By Ed Finkel, Special to The Inquirer
They are sales managers, financial consultants, doctors, lawyers and graduate students. They only moonlight as professional athletes.
Players on the Philadelphia Wings indoor lacrosse team, it’s safe to say, have much more in common with ordinary people than with high-salaried baseball, football and basketball stars.
Like actors, comedians or rock-and-rollers that have yet to hit the big time, they hold day jobs to get by and generally aren’t recognized on the street.
But as they step onto the field at 2 p.m. Sunday for their third contest of the 1990 season – after winning their first two games last month in defense of the Major Indoor Lacrosse League title – the Wings, like struggling musicians, actors or comics, are hopeful of better days to come.
“They’re beyond the point of worrying about the existence of the league,” said coach Dave Evans, 39, a Vancouver native who resides in Roxborough. ”They’re more looking to expand the league, (although) it’s certainly not booming, by any stretch.”
Players on the Wings come primarily from Philadelphia and Baltimore, seen as a hotbed within the regional hotbed; three live and work on the Main Line. They know all too well what it will take for the league to be a huge success – for them to be able to forsake their day jobs.

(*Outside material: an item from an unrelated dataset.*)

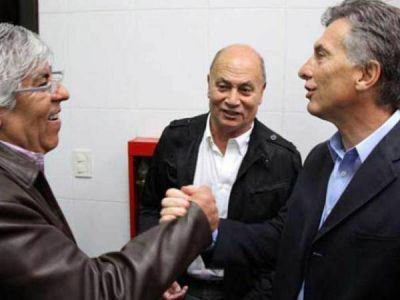 Ger�nimo Venegas: �Jorge Triaca es un buen compa�ero y viene a colaborar�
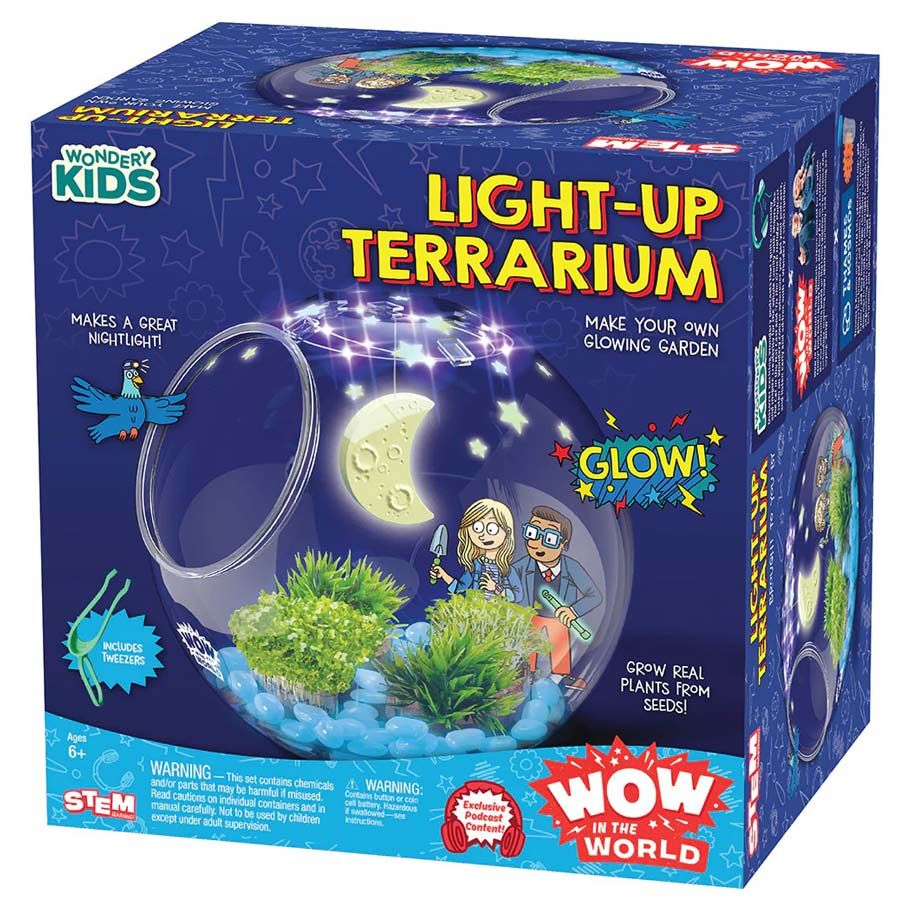 Wow in the World: Light-Up Terrarium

The lack of media exposure lacrosse gets “is very frustrating,” said Brett Davy, a Broomall native who works for a financial planning company. “In high schools, it’s probably the fastest-growing sport. Only with a TV contract could the league be self-supporting. But until then . . .”
Long Island native Gary Martin, who now lives in King of Prussia and works as a sales manager, says he is optimistic about lacrosse’s potential appeal.
“You can tell from the crowds that it’s taking off quickly,” he said. “A lot more high schools in this area are getting into it.
“It’s like basketball. You’ve got five players playing offense, five players playing defense. You try to set up plays; it’s all pick and roll. The only difference is instead of trying to shoot it into a net, you’re trying to shoot it past the goalie.”
Mark Moschella of Ardmore is the other Main Liner on the team.
Worries about the league’s survival were all too real at its outset, back in 1987. An earlier indoor lacrosse league, which began full of hope in 1974, went down just two years later.
“They had fairly good success the first year,” Evans said. “Because of that, they bumped the salaries up and they upped the schedule (from 40 to 48 games). They bit off more than they could chew. But part of the problem was fluky kinds of things.”
While the decline was partially because of league organizers expanding too quickly, the final blow was the inability of two of the league’s six franchises to find a place to play in 1976, he said.
The Montreal franchise got bumped from its arena because of the scheduling of Olympic events, and the Boston team was told it no longer could use the Boston Garden because new owners of the Bruins wanted to renovate the arena over the summer, during the lacrosse league’s season.
Organizers of this second go-round have attempted a more modest, eight-game schedule, played between January and March. They attract fairly sizable crowds to each game – upward of 7,000 – although they play only four home contests a season.
Six teams play, all from the Northeast except for the Wings’ Sunday opponent, Detroit. In addition to lengthening the schedule, organizers hope to expand geographically, with California, Texas and Florida in mind.
It was the Northeast, however, that the Canadian Lacrosse Association targeted for a series of indoor lacrosse matchups in the mid-1980s.
“They drew fairly well, which got the attention of the people who own the league,” said Evans, who spends summers in Vancouver. “They went ahead and put it back together again. This is certainly the hotbed.”